National Australia Bank is undertaking an IPO of its UK retail arm, Clydesdale Bank. By selling down 25% to institutional investors and in specie distribute the remaining 75% to existing shareholder. NAB management is essentially washing of its hands of its UK problem.
We gather that now is not the right time to undertake a sale of a UK bank given the structural and competitive issues in the UK but they still want to move forward with discarding the UK business so an in specie structure is best move going forward.
NAB Financial Summary Post CYBG Demerger
Table above shows important proforma metrics provided by NAB post the demerger of CYBG.
- Cash earning will improve more than 10% on a group basis but slight decline excluding specific items. This implies current earnings are dragged down by CYBG which is run at a loss due one time charges. Excluding these charges underlying profit will not be broadly impacted by this transaction.
- Net Interest Margin (NIM) experience a slight decline from 1.87% to 1.82%. Interesting the CYBG disclosure the NIM for the UK retail business is above 2%. As we implied in our analysis of CYBG. The obstacle for CYBG is not the headline revenue or growth. It is its high cost structure. This is reflected in the banking cost to income ratio (CTI) where it is above 70%.
- CTI for NAB decline full 9.7% across the group from 50% to just above 41%. The impact is largely positive for NAB which will now be predominantly Australian Bank (with focus on mortgages and business banking) with a UK retail arm.
- By removing the retail arm which is responsible a large disproportion of the cost structure, the group will be better for it.
- Slight decline in funding index given UK relies larger on retail deposit. Not really issue post transaction.
Key takeaway from CYBG presentation is that NAB will be better off without the business even if management gives it away at what can be considered firesale prices of 0.5x to .0.75x book value.
However given the terrible returns in the discarded unit with Return on Equity from 5.1% in 2015 to 7.5% in 2014 means overall impact is not that bad.
If new Clydesdale management get the cost structure under control then it could be a good buy.
We are skeptical given that in the initial 12 to 24 month of independence it still relies on NAB for some critical support functions. Once those are brought in house, cost will be borne buy CYBG shareholders.
The challenge faced by the management is that it has to cut cost out of the business at the same stack on additional ancillary infrastructure cost that is critical for day to day operations.

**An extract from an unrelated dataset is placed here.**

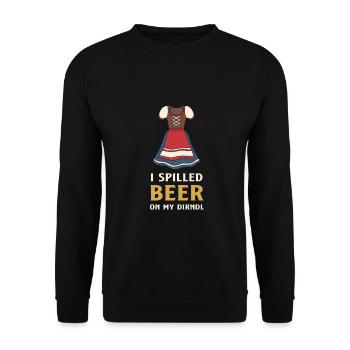 - spilled beer on my dirndl - Unisex Sweatshirt - black - Front - Alina (178cm) & Michal (187cm)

The return of Australian banks shows that NAB has outperformed its peers as result of the transaction. This can be attributed to investors giving credit to management that the current business structure is much clearer and transparent.
NAB Dividend History
Chart above shows the NAB dividend over the last 10 years. It took a tumble during the GFC where it was cut by more than 20% and has made its way back since.
The dividend has been broadly flat in the recent period at a level just slightly above the peak pre crises earnings. After the CYB demgerger, most of the groups income will be sourced from Australia. This means that the franking credit component of the dividend could increase in the future to 100% of the dividend.
The business has been hampered by its history of overseas adventures. The goal of Clydesdale demerger is to give it self a new start and by focusing on the Australian market once again.
Australian banking sector is dominated by the big which make up a large portion the listed companies on the ASX (see ASX 20 and broader ASX Ordinary Indices). Hopefully the shareholders will be rewarded for owning a financial institutional with an oligopoly position.